When defense attorneys have convinced judges to move trials from the jurisdictions of the crimes, those rare cases usually were marked by frenzied media coverage that judges agreed made finding an impartial local jury impossible.
Former football star O.J. Simpson, who is Black, was acquitted on double murder charges in 1995 by a downtown Los Angeles jury, comprised of nine Blacks, two whites, and one Hispanic person, after the case was moved from nearby Santa Monica, where the crime occurred and the population is majority white.
“The (OJ) Simpson case teaches us that venue can be the difference between an acquittal and a conviction,” said defense attorney Brian McMonagle, who defended comedian Bill Cosby in his first sexual assault trial.
Earl Gray, a lawyer for Thomas Lane, one of the former officers charged in Floyd’s death, told Reuters that if Minneapolis officials continued to describe the case as a murder he expected the judge to move the trial.
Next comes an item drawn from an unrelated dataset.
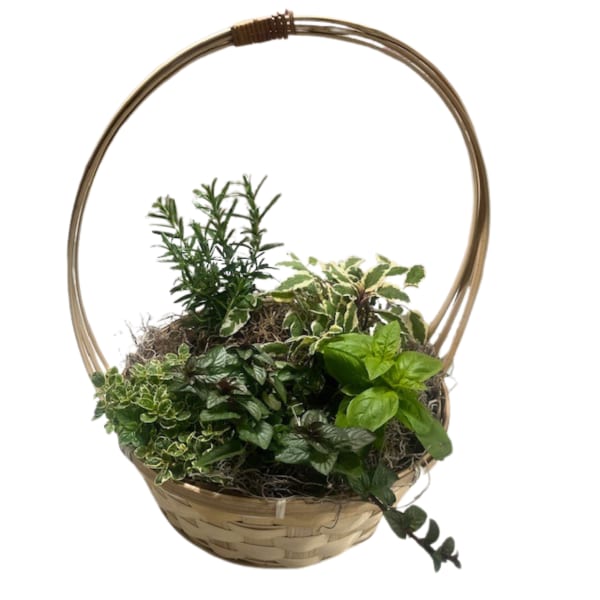 Woven handled basket filled with assorted green plants.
Lawyers for the other officers and the Minnesota attorney general who is prosecuting the case declined to comment or did not respond to a request for comment.
“They have got to get this moved,” said Paul Applebaum, a Minnesota attorney, referring to the defense team. He said if they get a jury with mostly minority jurors, “they are cooked.”
While ordering a new venue may be necessary to protect the defendants’ rights of due process and impartial jury, moving trials involving police defendants to less diverse areas has stirred allegations of injustice in the past.
Four white New York City police officers were charged in the 1999 death of Amadou Diallo, a Black man. The shooting touched off days of protests.
The trial was moved to Albany County, New York by an appellate court that ruled Bronx jurors would be “under enormous pressure to reach the verdict demanded by public opinion.”
The officers were acquitted by a jury of four Blacks and eight whites. Albany County is almost three-quarters white while whites and Blacks are about equal in Bronx County, both around 44% of the population.
The 1992 trial of four Los Angeles police officers accused of using excessive force in the arrest of Black motorist Rodney King, which like Floyd’s arrest was caught on video, was moved to suburban Ventura County from Los Angeles.
None were found guilty by the mostly white jury, sparking widespread protests.